Mesop v1
After developing Mesop for nearly a year and a half and publicly launching it on Hacker News 9 months ago, we are excited to release Mesop v1.
It's been an amazing journey working on Mesop, especially with richard-to@ who's been my 20% collaborator at Google. Despite being an extremely small core team (working on this as a 20% project!), we've been able to foster a thriving community both within Google where hundreds of Googlers have used it to build internal apps and outside of Google where it's been downloaded more than 180k times on PyPI.
What v1 means
Mesop v1 signifies our commitment to prioritizing stability and avoiding backwards-incompatible changes unless absolutely necessary—such as important security fixes or critical bug fixes.
Since we publicly launched 9 months ago, we have taken a conservative approach to making API changes, avoiding backwards-incompatible changes as much as possible. This has been key to Mesop's successful adoption both within Google and externally. In addition, Google's reputation for churn has made us careful in designing our APIs.

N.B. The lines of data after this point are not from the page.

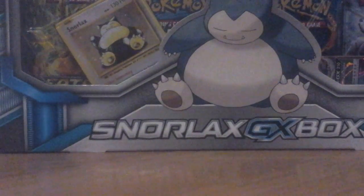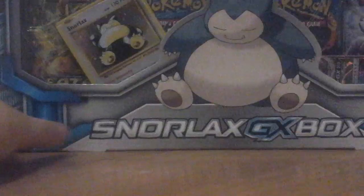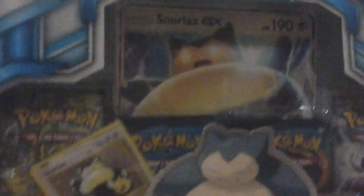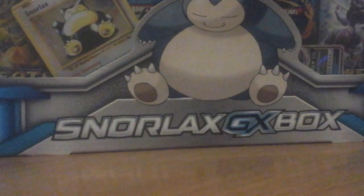What's up guys, today I got the Snorlax GX Box. It comes with a Snorlax promo card, a jumbo Snorlax GX, a regular Snorlax GX, and four packs — one Fates Collide, one Breakthrough, and two Evolutions. Hopefully we get something good out of these packs.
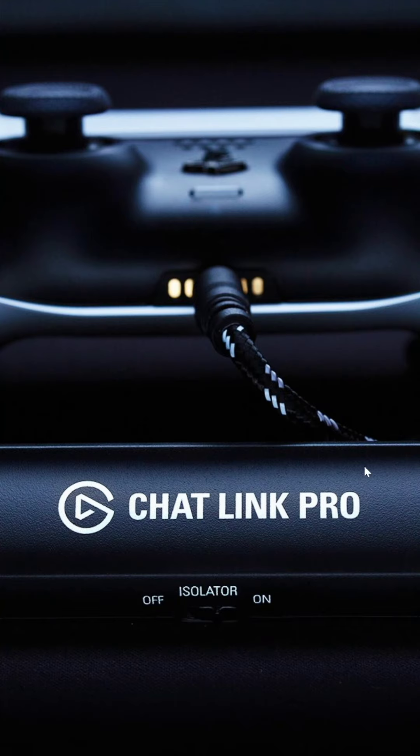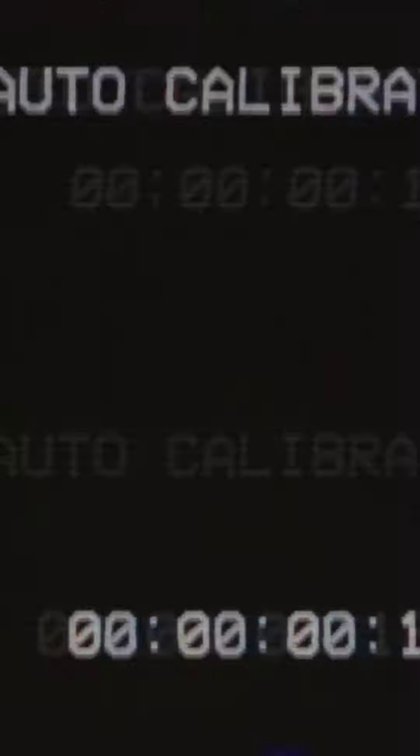I think this is pretty cool, because the ground loop noise that you get from stuff like this is almost impossible to really filter out in post without a lot of damaging work. So getting this filtered out in real time is pretty nice. You can use the Chat Link Pro for a lot of things, but this is kind of the best option.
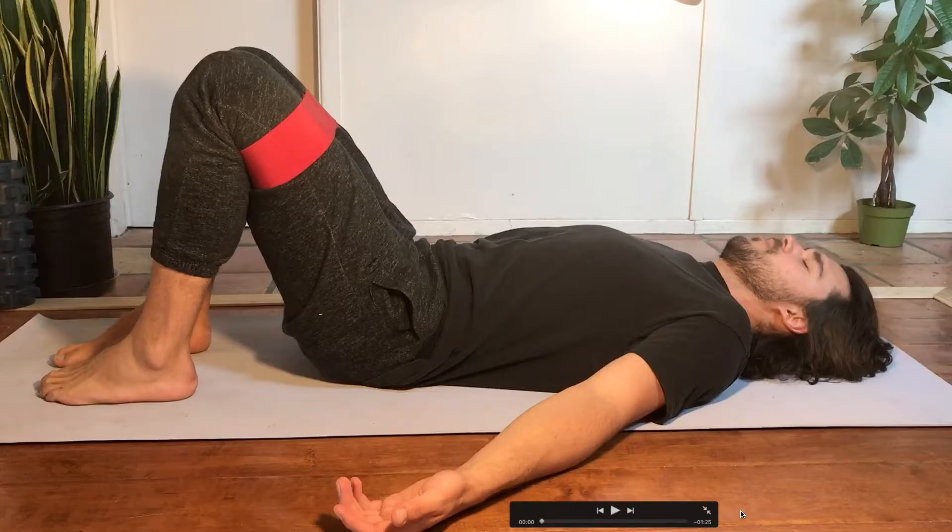The bridge with resisted external rotation might be my favorite variation of the bridge. Basically, you have a resistance band around your thighs, just above your knees, and that band is working to pull your knees together. You have to resist that force by keeping space between your knees, and that's requiring extra work out of your glutes and some of your deeper hip muscles. This is excellent for activating and strengthening your glutes, and also those deep hip external rotators that are so crucial for the health of your hips and your core.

Almost all Mesop apps should be able to seamlessly upgrade to v1. The only backwards-incompatible change we made from v0.14 is to drop mel.text_io
which has been deprecated for many months and can be replaced with mel.text_to_text
as a simple one-line change.
Future of Mesop
You might have also noticed that Mesop has graduated from the Google GitHub org into its own GitHub org. Becoming a community-driven project is beneficial for the longevity of Mesop. Rest assured, Mesop continues to have the same core maintainers and the roadmap remains the same.
v1 doesn't mean the end of Mesop's development. We plan to add new components over time, maintain our dependencies, provide more examples, and generally improve the overall developer experience.
While we can’t make firm commitments, our goal is to remain on v1 for as long as possible, avoiding a jump to v2.